TASK OBJECTIVE >>
Could you repeat every line below exactly, skipping the images?

-- DATA SUPPLIED follows --

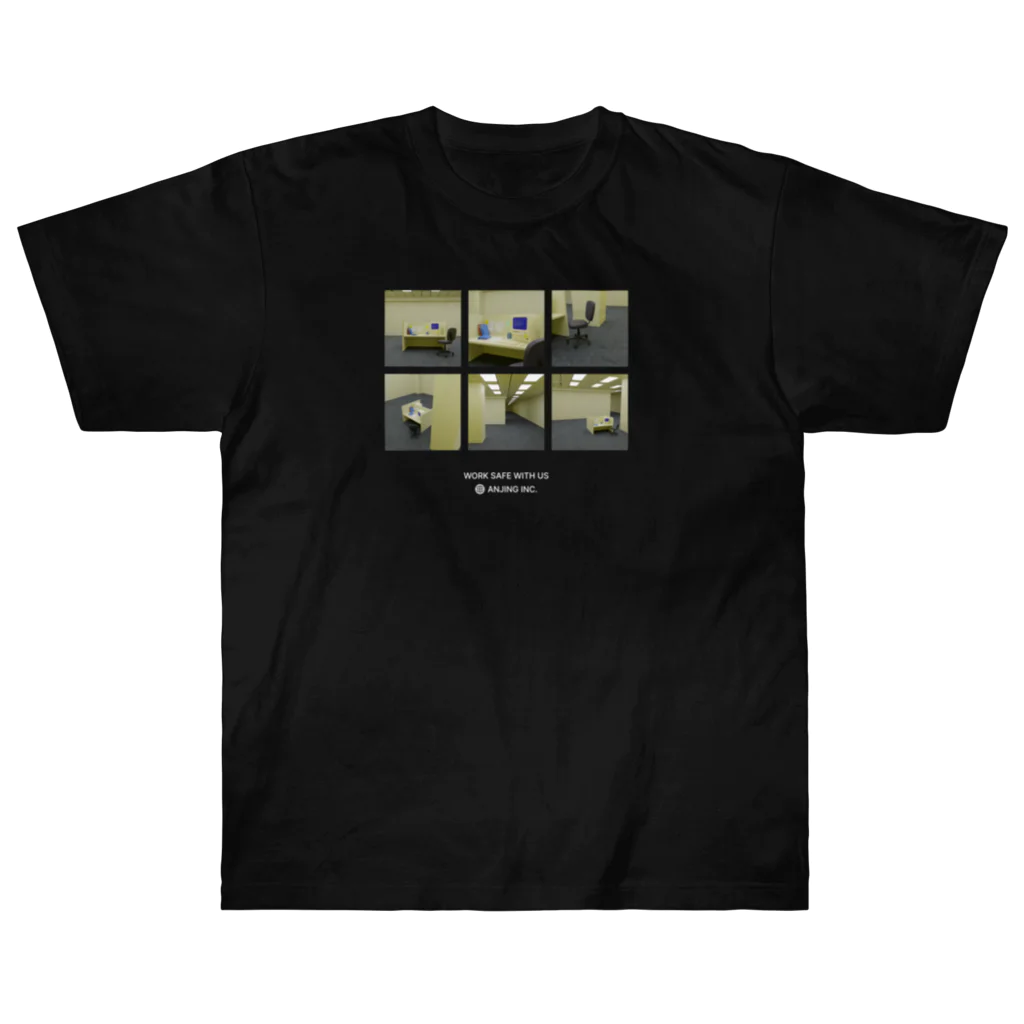 akupunyagaramのANJING INC. MERCH  ヘビーウェイトTシャツ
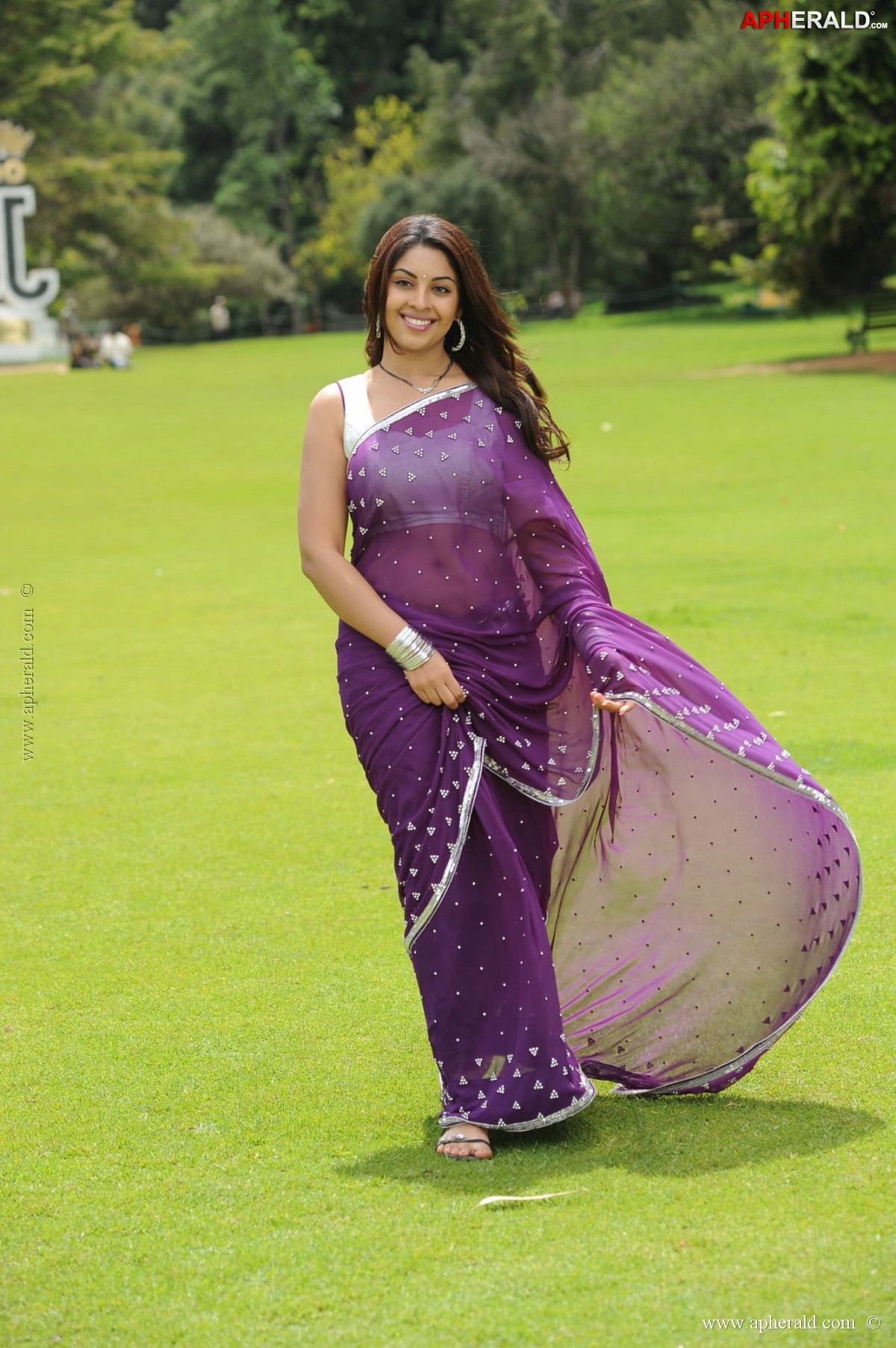 Richa Gangopadhyay Saree Stills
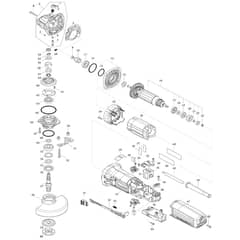 Makita GA4592 - 115mm Angle Grinder - Power Tool Diagram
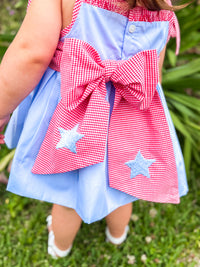 Girls Smocked Liberty Lane Bloomer Set & Dress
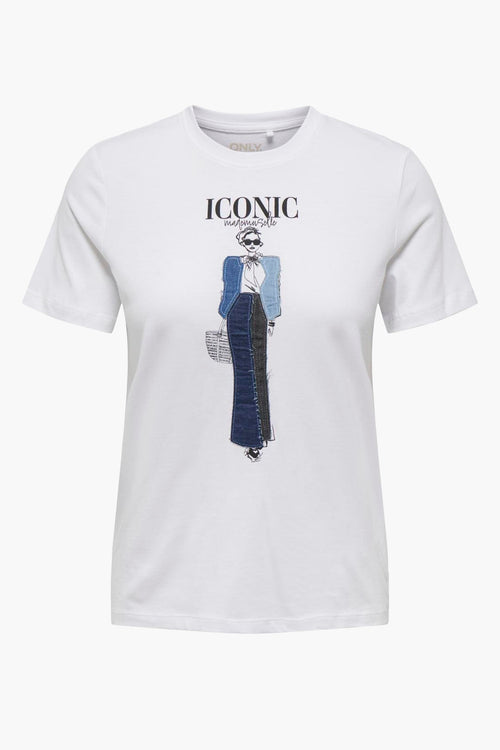 T-shirt à manches courtes - blanc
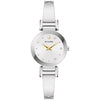 Bulova Marc Anthony Ladies Modern Diamond Silver Stainless Steel Bangle Bracelet WatchSilver White Dial Style: 96P241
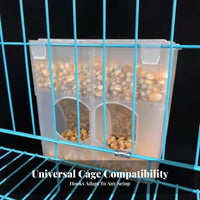 Pigeon Feeder With Lid Automatic Pigeon Food Trough Anti-Spill Hanging Cage Feeder for Fowl Farmers, Parrot Owners, Aviary, Outdoor, Chicken Coop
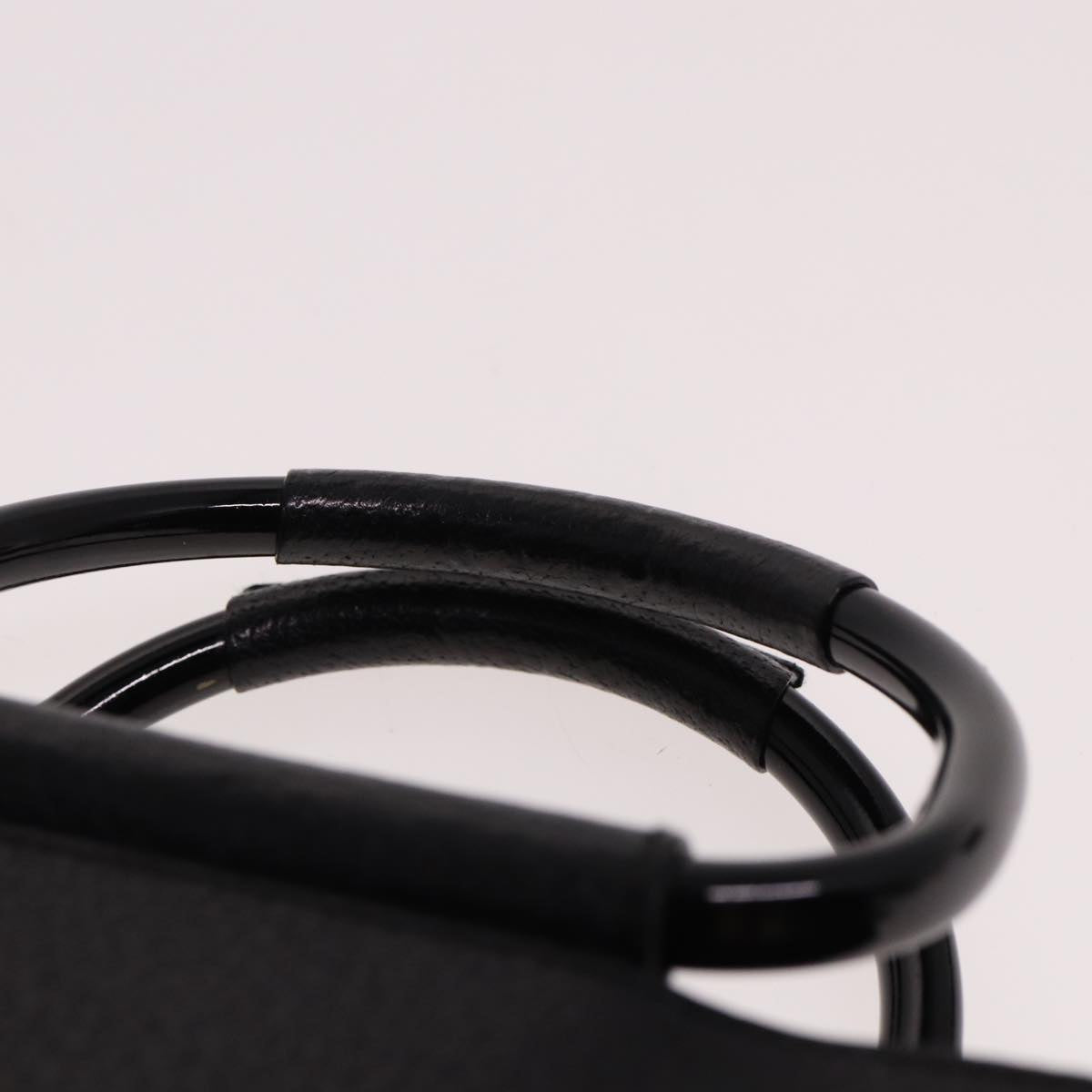 GUCCI Hand Bag Leather 2way Black 002 1118 0463 78761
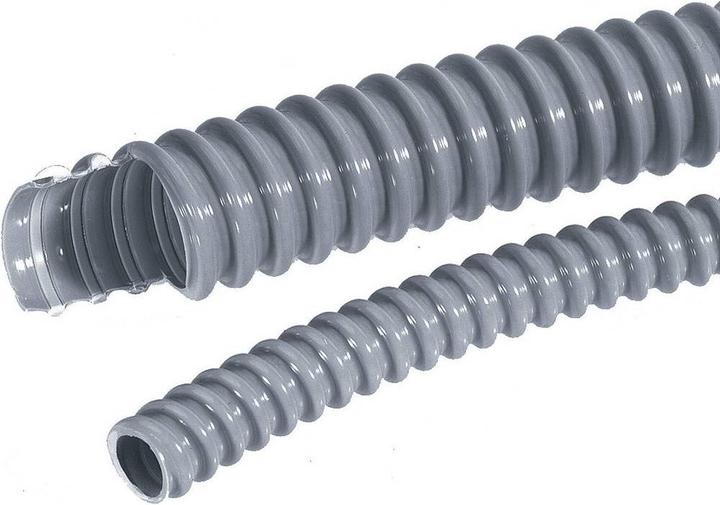 Image du produit Lapp Tube ondulé gris argenté (RAL 7001) (1000 cm)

-- DATA SUPPLIED concluded --

WRITTEN SOLUTION >>
 akupunyagaramのANJING INC. MERCH  ヘビーウェイトTシャツ
 Richa Gangopadhyay Saree Stills
 Makita GA4592 - 115mm Angle Grinder - Power Tool Diagram
 Girls Smocked Liberty Lane Bloomer Set & Dress
 T-shirt à manches courtes - blanc
 Bulova Marc Anthony Ladies Modern Diamond Silver Stainless Steel Bangle Bracelet WatchSilver White Dial Style: 96P241
 Pigeon Feeder With Lid Automatic Pigeon Food Trough Anti-Spill Hanging Cage Feeder for Fowl Farmers, Parrot Owners, Aviary, Outdoor, Chicken Coop
 GUCCI Hand Bag Leather 2way Black 002 1118 0463 78761
 Image du produit Lapp Tube ondulé gris argenté (RAL 7001) (1000 cm)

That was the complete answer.